Liquidity and Capital Resources
We expect that our primary sources of liquidity and capital resources will be cash flows generated by operating activities and borrowings under Revolving Credit Agreement. On November 3, 2015, in connection with the semi-annual redetermination of our “Borrowing Base” (as defined in the Revolving Credit Agreement), the Borrowing Base under our Revolving Credit Agreement was increased to $575.0 million from $500.0 million. Depending upon market conditions and other factors, we may also seek to access the capital markets to meet our liquidity needs and capital requirements.
Our primary use of capital is for the development and exploration of oil and natural gas properties and increasing our acreage position. Our total debt was $552.2 million and $672.1 million as of September 30, 2015 and December 31, 2014, respectively. Total borrowings during those periods were used primarily to fund development and exploration of oil and natural gas properties in addition to adding to our leasehold interests.
Capital Requirements and Sources of Liquidity
For the nine months ended September 30, 2015, our aggregate drilling and completion capital expenditures were $317.0 million. During the year ended December 31, 2014, our aggregate drilling and completion capital expenditures were $491.3 million. These capital expenditure totals exclude acquisitions. The majority of our remaining capital expenditures in 2015 for drilling and completion will be spent in the Midland Basin.
The amount and timing of 2015 capital expenditures is largely discretionary and within our control. We could choose to defer a portion of these planned 2015 capital expenditures depending on a variety of factors, including, but not limited to, the success of our drilling activities, prevailing and anticipated prices for oil and natural gas, the availability of necessary equipment, infrastructure and capital, the receipt and timing of required regulatory permits and approvals, seasonal conditions, drilling and acquisition costs and the level of participation by other working interest owners.
To fund a portion of our capital requirements for the nine months ended September 30, 2015, we issued shares of our Class A Common Stock in connection with the Private Placement and the September Offering. During the nine months ended September 30, 2015, we received aggregate net proceeds of $441.0 million from the Private Placement and the September Offering, and made aggregate net debt payments in excess of borrowings of $120.5 million.
Based upon current oil and natural gas price expectations, we believe that our cash on hand, cash flow from operations and borrowings under our Revolving Credit Agreement, together with a portion of the net proceeds from the September Offering, will be sufficient to execute our current capital program excluding any acquisitions we may enter into. However, future cash flows are subject to a number of variables, including the level of oil and natural gas production and prices, and significant additional capital expenditures will be required to more fully develop our properties.

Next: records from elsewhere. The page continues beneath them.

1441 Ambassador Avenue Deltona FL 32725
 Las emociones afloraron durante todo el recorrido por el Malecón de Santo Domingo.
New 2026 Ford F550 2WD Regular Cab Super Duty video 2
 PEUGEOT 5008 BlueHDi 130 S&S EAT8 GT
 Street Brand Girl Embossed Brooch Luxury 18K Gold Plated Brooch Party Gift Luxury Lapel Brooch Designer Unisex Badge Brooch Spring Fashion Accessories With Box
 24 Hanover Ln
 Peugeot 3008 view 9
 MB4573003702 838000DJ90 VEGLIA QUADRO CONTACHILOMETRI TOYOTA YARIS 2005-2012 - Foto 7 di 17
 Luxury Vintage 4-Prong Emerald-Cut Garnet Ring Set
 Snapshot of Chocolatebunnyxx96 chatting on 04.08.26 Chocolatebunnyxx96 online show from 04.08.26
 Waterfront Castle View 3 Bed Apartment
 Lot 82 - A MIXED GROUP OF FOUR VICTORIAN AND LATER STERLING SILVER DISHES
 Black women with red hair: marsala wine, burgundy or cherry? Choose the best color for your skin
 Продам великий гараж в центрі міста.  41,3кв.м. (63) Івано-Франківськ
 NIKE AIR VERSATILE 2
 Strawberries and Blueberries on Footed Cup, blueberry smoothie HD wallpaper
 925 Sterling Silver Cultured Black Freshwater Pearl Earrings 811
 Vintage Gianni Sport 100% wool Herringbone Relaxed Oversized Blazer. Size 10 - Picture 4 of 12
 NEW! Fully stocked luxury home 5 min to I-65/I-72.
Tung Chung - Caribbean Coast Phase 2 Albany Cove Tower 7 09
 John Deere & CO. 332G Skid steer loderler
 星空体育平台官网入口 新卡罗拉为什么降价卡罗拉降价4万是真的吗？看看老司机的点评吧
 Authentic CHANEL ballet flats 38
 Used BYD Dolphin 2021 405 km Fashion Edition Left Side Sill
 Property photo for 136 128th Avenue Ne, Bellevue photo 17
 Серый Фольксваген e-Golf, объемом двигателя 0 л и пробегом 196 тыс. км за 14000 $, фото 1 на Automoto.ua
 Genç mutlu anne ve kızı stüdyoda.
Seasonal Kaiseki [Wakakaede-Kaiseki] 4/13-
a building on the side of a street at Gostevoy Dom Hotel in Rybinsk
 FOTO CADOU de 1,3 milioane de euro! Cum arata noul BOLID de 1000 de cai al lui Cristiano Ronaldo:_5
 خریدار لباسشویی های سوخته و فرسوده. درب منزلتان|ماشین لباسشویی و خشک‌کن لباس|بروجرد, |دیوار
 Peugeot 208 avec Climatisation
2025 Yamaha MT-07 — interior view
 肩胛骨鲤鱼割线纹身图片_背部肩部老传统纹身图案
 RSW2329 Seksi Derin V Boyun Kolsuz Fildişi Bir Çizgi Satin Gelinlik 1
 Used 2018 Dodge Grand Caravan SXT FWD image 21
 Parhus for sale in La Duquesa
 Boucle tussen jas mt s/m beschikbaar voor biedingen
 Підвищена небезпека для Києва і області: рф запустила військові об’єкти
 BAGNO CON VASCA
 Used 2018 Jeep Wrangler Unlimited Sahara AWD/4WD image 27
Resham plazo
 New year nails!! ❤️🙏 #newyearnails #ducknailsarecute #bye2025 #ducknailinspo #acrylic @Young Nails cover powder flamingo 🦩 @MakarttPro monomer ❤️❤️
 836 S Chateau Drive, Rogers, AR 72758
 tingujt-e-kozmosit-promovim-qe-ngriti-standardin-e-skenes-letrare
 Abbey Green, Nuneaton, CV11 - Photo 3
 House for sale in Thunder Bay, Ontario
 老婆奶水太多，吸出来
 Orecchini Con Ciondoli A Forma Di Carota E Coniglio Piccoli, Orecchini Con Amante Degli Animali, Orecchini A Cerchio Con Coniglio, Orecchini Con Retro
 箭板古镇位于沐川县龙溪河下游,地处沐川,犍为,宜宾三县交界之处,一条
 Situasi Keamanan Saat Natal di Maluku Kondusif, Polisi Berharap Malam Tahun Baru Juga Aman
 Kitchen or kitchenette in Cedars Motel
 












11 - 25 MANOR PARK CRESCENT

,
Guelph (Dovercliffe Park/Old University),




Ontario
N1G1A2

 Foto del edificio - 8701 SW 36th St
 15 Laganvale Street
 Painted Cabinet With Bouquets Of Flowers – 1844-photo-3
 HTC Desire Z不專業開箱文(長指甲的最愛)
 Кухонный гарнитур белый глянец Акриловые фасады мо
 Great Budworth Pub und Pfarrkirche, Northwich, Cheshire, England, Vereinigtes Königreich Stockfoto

For example, we expect a portion of our future capital expenditures to be financed with cash flows from operations derived from wells drilled in drilling locations not associated with proved reserves on our December 31, 2014 reserve report. The failure to achieve anticipated production and cash flows from operations from such wells could result in a reduction in future capital spending. Further, our capital expenditure budget for 2015 does not allocate any amounts for acquisitions of leasehold interests and proved properties. In the event we make additional acquisitions and the amount of capital required is greater than the amount we have available for acquisitions at that time, we could be required to reduce the expected level of capital expenditures and/or seek additional capital. If we require additional capital for that or other reasons, we may seek such capital through traditional reserve base borrowings, joint venture partnerships, production payment financings, asset sales, offerings of debt and equity securities or other means. We cannot make assurances that needed capital will be available on acceptable terms or at all. If we are unable to obtain funds when needed or on acceptable terms, we may be required to curtail our current drilling programs, which could result in a loss of acreage through lease expirations. In addition, we may not be able to complete acquisitions that may be favorable to us or finance the capital expenditures necessary to replace our reserves.
38
Cash Flows
The following table summarizes our cash flows for the periods indicated:
|
Nine Months Ended September 30, |
|
|||||
|
2015 |
|
|
2014 |
|
||
Net cash provided by operating activities |
$ |
110,480 |
|
|
$ |
74,100 |
|
Net cash used in investing activities |
|
(357,543 |
) |
|
|
(935,341 |
) |
Net cash provided by financing activities |
|
319,631 |
|
|
|
974,607 |
|
Cash Flow Provided by Operating Activities. Net cash provided by operating activities was approximately $110.5 million and $74.1 million for the nine months ended September 30, 2015 and 2014, respectively. Net cash provided by operating activities increased $36.4 million from the period ending September 30, 2014 to September 30, 2015 primarily due to the cash received for option premiums and cash received for derivative settlements as discussed in Note 3—Derivative Financial Instruments to our condensed consolidated and combined financial statements included elsewhere in this Quarterly Report. This increase is offset by the decrease in operating income, which is primarily attributable to a decrease in our production margin resulting from a 29% increase in our cash based operating expenses, which include lease operating expenses, production and ad valorem taxes, general and administrative expenses, and exploration costs. Cash provided by operating activities is impacted by the prices received for oil and natural gas sales and levels of production volumes.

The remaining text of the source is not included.